Il Presidente Mattarella firma l’Italicum
E’ il giorno di Mattarella. Oggi il presidente della Repubblica esaminerà l’Italicum appena approvato. La Lega, dal canto suo, è pronta al referendum.
«Avanti su questa strada con la testa dura, dopo aver mantenuto la promessa della legge elettorale», ha detto ieri Matteo Renzi. «Possono fare quello che credono, dirci quello che vogliono, ma non molliamo di un millimetro», dichiara. Poi tende una mano a quegli studenti e insegnanti che, nel giorno dello sciopero generale, lo aspettano a ogni tappa per contestare la sua riforma della scuola («Li ascoltiamo») e anche a quei deputati Pd che hanno votato contro il suo Italicum.
L’occasione per l’affondo ci sarebbe dal podio di Bolzano, prima tappa di un tour elettorale che arriva anche a Trento e Rovereto a cinque giorni dalle elezioni amministrative che nel Trentino Alto Adige si terranno il 10 maggio. Dalla platea al nome di Pippo Civati, l’ex sfidante alle primarie che continua a evocare la scissione, una militante urla: «Abbasso Civati». Ma il segretario la ferma: «Ma che abbasso: viva viva viva Civati. Noi siamo per tenere tutti dentro il partito», dichiara Renzi.

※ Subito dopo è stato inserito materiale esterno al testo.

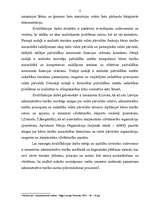 Referāts 'Pašvaldības iestāžu sadarbība bērnu tiesību aizsardzībā', 5.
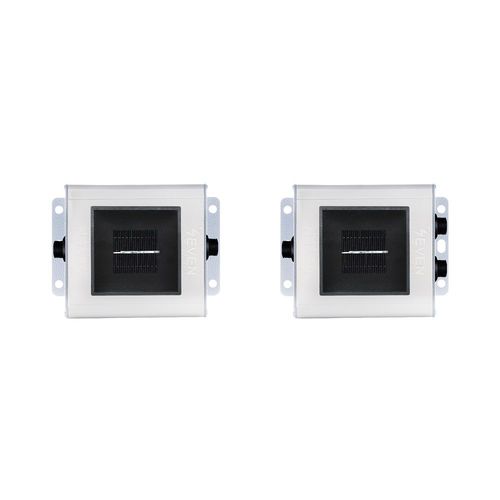 piranometro di classe A - SEVEN Sensor Solutions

Poi, con riferimento alla nutrita pattuglia dei ‘dissidentì della minoranza, aggiunge ironico: «Uno alla volta, però». E aggiunge con sarcasmo: «Civati dice che c’è la svolta autoritaria perchè vinciamo… Quando perdevamo sempre, alcuni erano contenti: pochi ma buoni, dicevano. E ora si lamentano perchè ‘ci siamo solo noì». Ma è l’unico accenno polemico a quella sinistra dem che, conscia di essere determinante per il governo al Senato, già punta alla battaglia delle riforme.

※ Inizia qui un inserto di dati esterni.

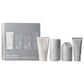 Mini Rhode Kit Glazed Skincare Essentials / Rhode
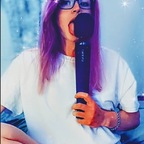 Leaked xxmartelxx onlyfans leaked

Quanto alle opposizioni, se la Lega insiste sul referendum sull’Italicum, Fi si divide, con Renato Brunetta pronto a imbarcarsi in questa battaglia mentre Altero Matteoli frena e punta al rilancio politico del centrodestra.
A chi vorrebbe fermarlo, il premier ribadisce la sua linea: «Avanti con la testa dura. A un certo punto basta compromessi: si decide», dichiara. E ribadisce che è pronto a farsi mandare a casa «anche domani» pur di non farsi frenare. Perchè, ribadisce con metafora a lui cara, è in corso un derby tra chi «fa l’elenco delle sfighe» e «si crogiola nella protesta», e chi «fa le cose» perchè pensa che la politica sia una «cosa seria» e non solo «sistemazione di poltrone».
La legge elettorale, rivendica Renzi, consegnerà «finalmente» all’Italia governi stabili, che si assumeranno la responsabilità di decidere. Grazie a quella legge una politica che prima faceva i «dibattiti per capire chi aveva vinto», ritrova la sua «dignità» e cancella l’onta «atroce» di una legge elettorale scritta dalla Consulta.